Entrepreneur John Lemkuil has been through the worst of times in Japan since he started his company in 1991 – he’s experienced the end of the bubble era, 20 years of recession, the Lehman shock and the March 11 disaster. But his company, Computec, has continued to grow, thanks to a solid business strategy, a top team and expertise in cutting-edge technology.
Computec is the top network systems integrator for the international community in Japan. It has branches in Tokyo, Beijing, Shanghai, Taipei and Seoul, providing high-end multilingual IT solutions and support for more than 700 clients in financial services, medical, retail, communications, higher education, government, foreign and domestic law firms.
Born in Des Moines, Iowa, Lemkuil graduated from the University of Iowa in computer and electrical engineering. After graduation, he went to Washington DC and worked for the presidential campaign of the first George Bush.
In 1989, he took a year off to visit Japan … and never went back.
Japan Today visits Lemkuil at his office in the Computec building in Ichigaya to hear more.
Why did you decide to start your own company?
I had done some consulting work for large international companies and was working as an IT manager for a big law firm. I saw that many companies and organizations were not being adequately served by their technology vendors. A client’s IT team is often busy working on day-to-day issues and they don’t have time to work on cutting edge new services. So I saw a niche market.
Was it difficult getting clients at first?
No, my first customer was my former employer. I helped them with their IT systems. From the very beginning, I grew the company organically. We now have more than 700 clients.
What are Computec’s main services?
We do computer consulting for multinational firms. Our strengths are IP telephony, and we have a very strong team of bilingual engineers proficient in that. We also provide network solutions, servers and application services, IT relocation services, structured LAN cabling systems, software development, as well as audio visual systems.
What is the fastest-growing sector?
I’d say IP telephony with the unification of video, voice and data all into one network.
Who are your clients?
Fortune 500 multinational firms, 80-90% of foreign and domestic law firms, some universities. Most are long-term clients who have come to us through word of mouth and referrals.
How do you market the company?
We have never really needed a sales team. Our people are our best marketing means. We spend a lot of money and time educating our people and getting them certified. Because of that, their technical skills are much higher than our competitors. In fact, all our staff, including secretaries and even my accounting person, are certified in some computer application.
Tell us a bit more about the training.
One of the things we do is pay all our engineers an extra 10% per month for training allowance.

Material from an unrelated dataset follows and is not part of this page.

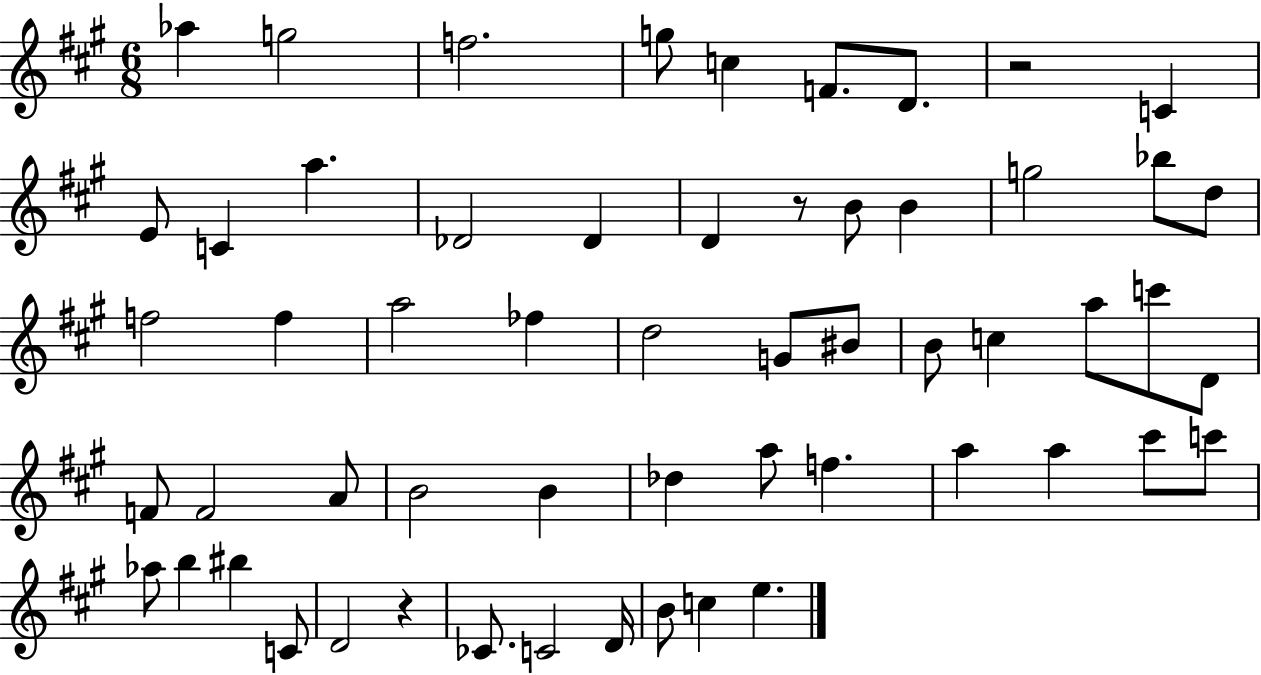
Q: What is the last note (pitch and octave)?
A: E5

This can be used for purchasing study materials, to enroll in training courses including overseas training, and to purchase hardware and software for training purposes. Often, engineers can get too busy, so we give them two hours every two weeks or one week a year just to study.
For the newest cutting edge products, we need to send our engineers overseas to the maker’s office or to a training center to work with hardware manufacturers or software makers’ development teams and engineers. We’ve sent employees to Kuala Lumpur or Singapore to get training. Or, say Oracle comes out with its newest technologies, applications and services. We need to send our engineers to the U.S. for a training course. We’ll pay for the course and accommodation.

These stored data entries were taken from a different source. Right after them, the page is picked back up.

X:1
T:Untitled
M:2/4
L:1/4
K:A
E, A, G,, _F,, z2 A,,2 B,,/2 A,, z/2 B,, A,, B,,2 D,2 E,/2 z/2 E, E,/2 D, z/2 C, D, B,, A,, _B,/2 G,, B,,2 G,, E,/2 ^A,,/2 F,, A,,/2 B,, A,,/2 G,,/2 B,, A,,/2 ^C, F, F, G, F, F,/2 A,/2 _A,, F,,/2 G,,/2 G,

We also have many in-house training and mentoring sessions. As a result, I’m happy to say that we have a very low staff turnover.
How do you keep up with the latest technology?
I attend training courses myself once or twice a year. That helps me know what is coming and how we need to position ourselves in Japan.
How many engineers do you have?
About 30 engineers in Japan and another 25 engineers in our other offices. Of those in Japan, 60% are Japanese and the rest come from the U.S., UK, Australia, and Philippines.
How did you recruit them?
We got them in various ways – word of mouth, or they contacted us. Sometimes, we use the Ecentral job site. We do spend a lot of time recruiting because we need highly qualified bilingual people. Maybe 10 years ago, only speaking English was fine, but now, most of our clients require bilingual.
How did the March 11 disaster affect business?
We had more opportunities after March 11 because some clients lost their IT people. They needed us to take over their IT support. There was more demand for generators, back-up systems and a lot of business from companies in Osaka, Fukuoka, Hiroshima and Nagoya, creating back-up sites. I am optimistic that 2011 will be a very good year. Our clients are investing in Japan, which is good.
You survived the Lehman shock pretty well too, didn’t you?
In 2008, many of our clients downsized after the Lehman shock but they still needed someone to take care of their IT systems. So instead of having a full-time IT team, they would come to us and ask if we could send an engineer there 10 or 20 hours a week. Other companies moved and needed us to install new systems.
What is a typical day for you?
I live upstairs, so I don’t have to commute. I get to the office between 7:30 and 8 a.m. I’m out a lot networking at ACCJ events, talking to clients and partners. I do some wining and dining. I have a good team, so I tend to delegate.
How do you like to relax?
I play golf and watch my sons play soccer, sing and take part in other activities.